Tengo un puto en la terraza

Finalizaba febrero y el calor porteño parecía obstinado en quedarse reinando en la ciudad por bastante tiempo más. Un viaje desde Mataderos a Pompeya representaba el desafío de unir dos puntos de la ciudad casi nunca frecuentados. Una noche tan oscura como calurosa era el telón de fondo de una aventura que se preanunciaba hasta con mapa. Con algunos traspiés de por medio, el punto de reunión funciona y la cita tiene lugar a las 23.30, en la estación Pompeya.
Ellos venían desde Rafael Castillo, bien adentro, en el oeste del conurbano bonaerense. Bajaron del Ferrocarril Belgrano y comenzó la “salida” compartiendo una pizza en la vereda con mi amigo y algunas de las tortas del equipo de fútbol femenino de Castillo. Chiste va, chiste viene, la charla fue más o menos la esperada. Ellas nos contaban sus pases de gol, los remates en el área, los torneos, la final con las de Berazategui y todo un variopinto de habilidades futbolísticas que las ponían muy orgullosas. Los dos putos, es decir mi amigo y yo, buscábamos el humor y aprovechábamos nuestras paupérrimas habilidades deportivas para hacer catarsis de antihéroes y contar nuestras anécdotas en el campo de juego, para reírnos de nosotros mismos. Terminamos la cena, nos fuimos a tomar el 9. Bondi azul, cartel blanco. En grandes letras negras decía “CARAZA” y era inevitable cantar una y otra vez esa cancioncita que fue famosa por un programa de TV argentino: “Ahora vivo en Caraza, tengo un puto en la terraza”. Y a eso íbamos en viaje bien adentro de la zona sur, a divertirnos en una fiesta gay de barrio. Pero no sólo a eso, además íbamos a desmoldar la idea de que las fiestas gays sólo son cuestión de la metrópoli. A repensar ese modelo tan irreal de que todos los putos son tan, tan “I'm so Madonna”. A recuperar algo mucho más interesante aún, un modo de resistencia en un medio un poco más hostil y menos anónimo que las calles de Buenos Aires. Y como si fuera poco a participar de algo que cada vez se logra menos, pero que sin embargo todavía está: una fiesta comunitaria. Es que la fiesta era en la casa de unos vecinos, qué te abrían las puertas generosamente, así, sin conocerte, con confianza. Si habías llegado era por el boca en boca, de amigo en amigo. Y ni siquiera se cobraba entrada, claro, sólo hacíamos una vaquita entre todos, 10 mangos por cabeza para el sonido y la bebida. Por supuesto que podíamos ir y abrir la heladera y simplemente servirnos. Nadie se conocía con nadie, pero todo era de todos. Y lo compartíamos. El espacio estaba dispuesto para estar juntos, para pasarla bien y para ser quien cada uno era, sin ofenderse, sin pretensiones, sin poses. Gente de todos los barrios, de todos los colores, de todos los géneros, de todos los pesos, de todas las sexualidades, pero con un denominador común: la mente abierta y ese espíritu de “pasé por lo del vecino y me quedé un ratito” que está casi extinto en las grandes ciudades.
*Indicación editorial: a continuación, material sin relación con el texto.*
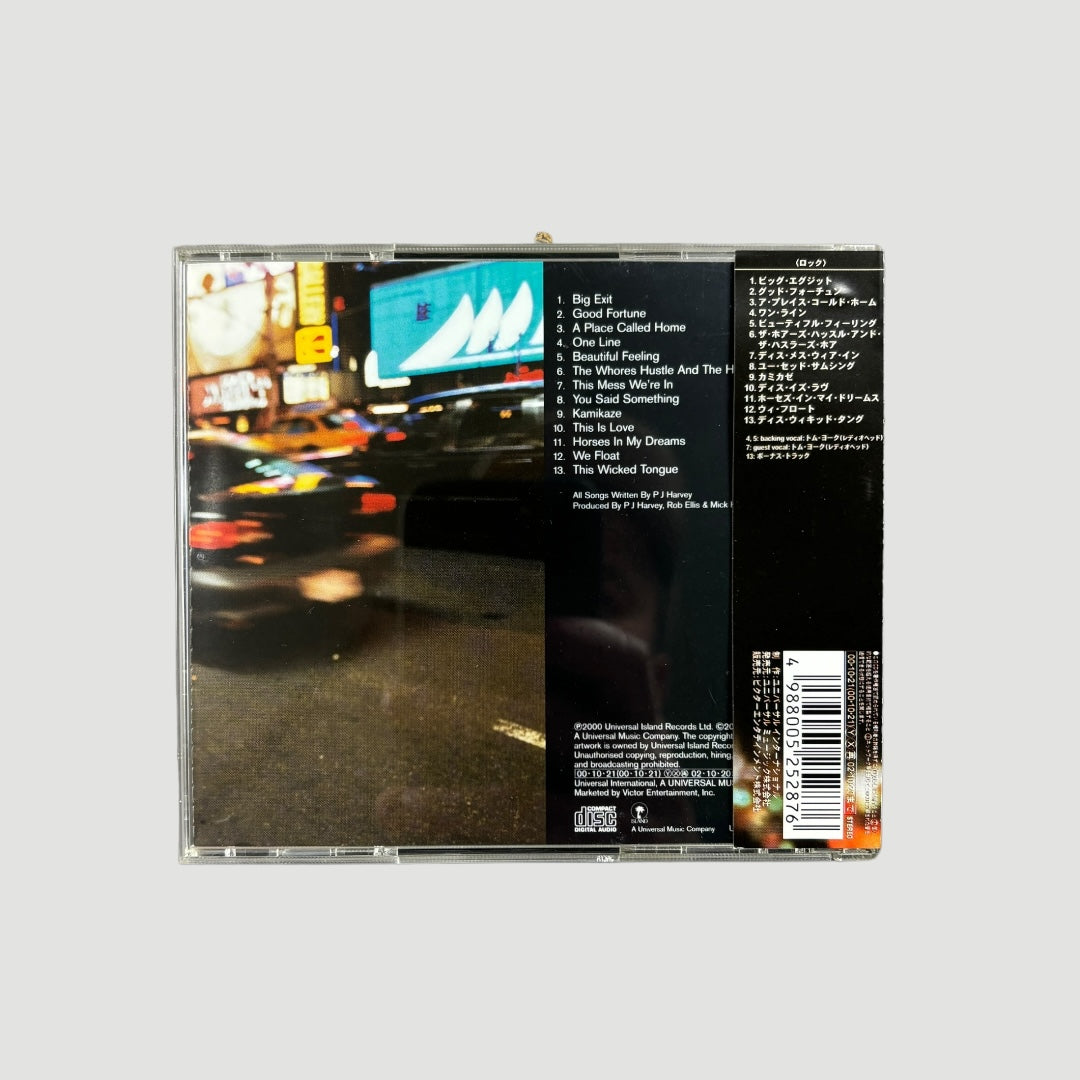 2000 PJ Harvey Stories from the City...Japanese CD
Baile a más no poder. Todas las vertientes de la cumbia vibraron en esa pista, o mejor dicho patio. Algunas luces diseminadas demostraron las virtudes del celofán y un “telón” de fondo preanunciaba el momento más esperado de la noche, el broche de oro, “El show de Yésica”, que se anunciaba con una sábana pintada a mano. Yésica era algo así como una marica envuelta en trapos viejos, pero que se sentía Liza Minelli por una noche. Juntó a sus amigas locas y se armó su show con invitados, bailarines y todo. Y hasta hubo un cierre con fuegos artificiales.
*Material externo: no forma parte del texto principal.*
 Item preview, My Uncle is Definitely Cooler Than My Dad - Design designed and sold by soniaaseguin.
La noche se iba, la claridad encontraba un patio que parecía no querer cederle el paso, que insistía con seguir viviendo esa noche de verano, esas horas compartidas, ese encuentro que, para algunos es moneda corriente, pero para otros es una forma alternativa de comunicarse, de construir, sin que medie el dinero y por las solas ganas. Esa entidad cada vez más abstracta a la que llamamos pueblo, ese día se convocó, se reunió, generó sus propias estrategias y dejó de lado los prejuicios, las distancias, los intereses y los miedos. Solo para encontrarse, para crear espacios. Y si bien yo no vivo en Caraza, como dice la canción, una parte de ella ahora está viva en mis recuerdos.